▸ **Input data**

====================

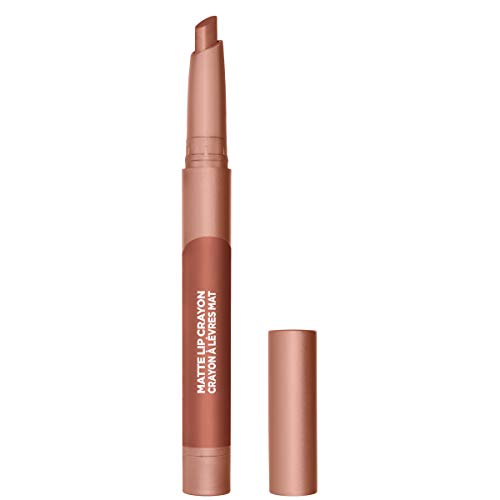 L'Oreal Paris Infallible Matte Lip Crayon, Tres Sweet (Packaging May Vary)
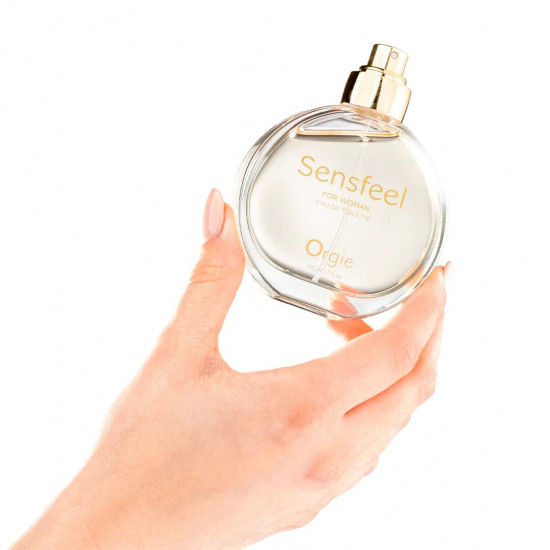 Жіночі парфуми з феромонами Orgie – Sensfeel for Woman (50 мл), квітково-фруктовий аромат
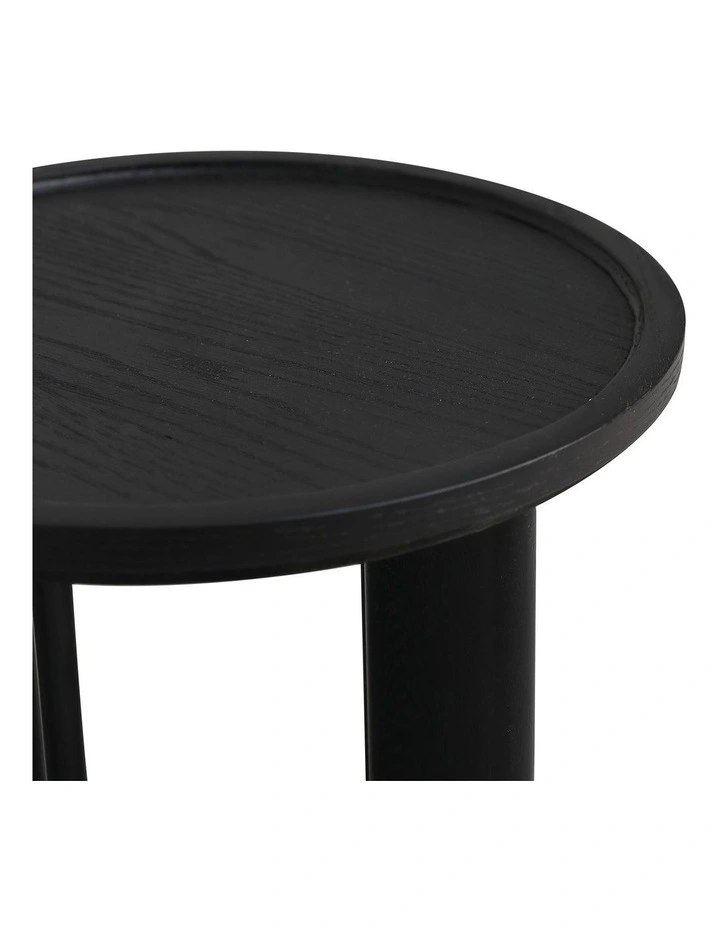 Sverre Side Table Small 30 cm Black image 6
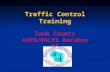 Traffic Control Training Sauk County ARES/RACES Baraboo WI.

====================

▸ **Activity**
Starting with the line that holds "Sverre Side Table Small 30 cm Black image 6", retype each line through the last one in the listing above, exactly as written. Do not copy any pictures.

▸ **Output for this exercise**
 Sverre Side Table Small 30 cm Black image 6
 Traffic Control Training Sauk County ARES/RACES Baraboo WI.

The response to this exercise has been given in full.